Grey Before the Alarm

Grey Before the Alarm

The ceiling knows my eyes by now—we’ve had this conversation
since somewhere past the junction between the dark and dark-adjacent,
the water stain above the baseboard holds its shape the way a scar does,
personal and permanent, no escaping the applause
of one’s own mind at three AM performing its greatest show.
The darkness thinned to dirty ash and called itself the glow
of morning, which is something I’ve agreed to call it too—
I’ll accept the label. Get up. Impersonate the you.

Grey before the alarm, grey after —
built from the wreckage of exhausted and the skeleton of laughter.
I’ve run the arithmetic and all the sums arrive the same:
grey before the alarm. Grey’s the only name.
Grey in the wiring, grey from the chest out,
the world’s still accelerating and I long ago lost the count
of mornings that arrived already secondhand, already spent—
grey before the alarm. Another day that went.

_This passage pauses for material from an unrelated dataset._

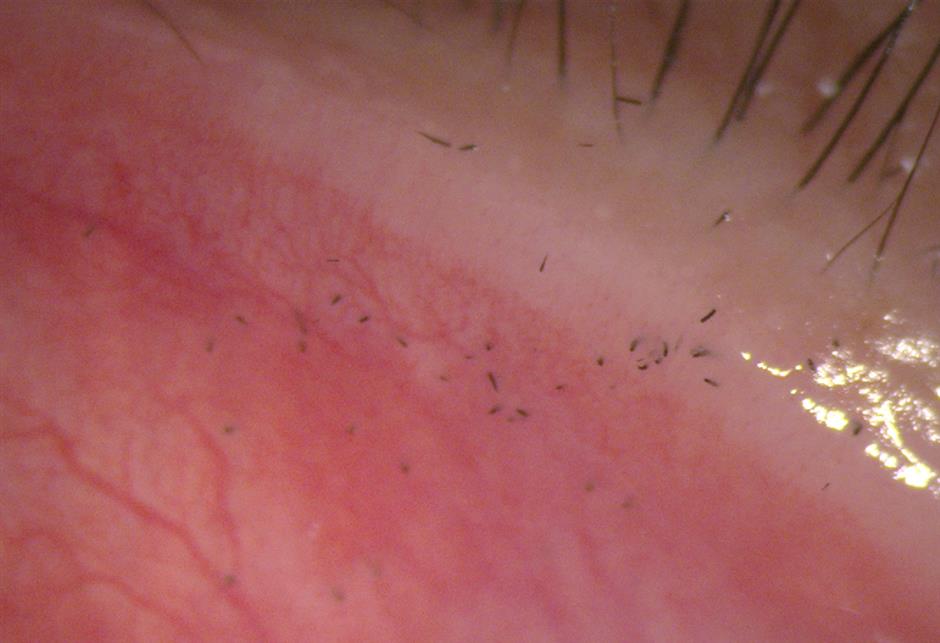 Autumn Danger: Plant Spines That Hurt the Eyes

The shower was a documented fact of the morning’s loose accounting.
The shirt was found, the minimum extracted from the mounting
evidence of a life still technically in motion—I’ve eaten something,
I’ve told myself the lie I’ve been delivering without cutting
any new material since longer than I care to excavate:
today will be the different one. The crack. The clean slate.
The calendar says otherwise. The mirror says the same thing back.
The day arrived already used and borrowed. I stayed on track.

Grey before the alarm, grey in the thread,
the kind of quiet that accumulates inside your head
until the weight of it becomes the weather of the room—
grey before the alarm. The low-grade, slow-burn gloom.
Grey in the seventeen things I haven’t said,
grey in the messages still gathering beside my bed,
grey in the phone full of the things I haven’t done—
grey before the alarm. I made it. Technically I won.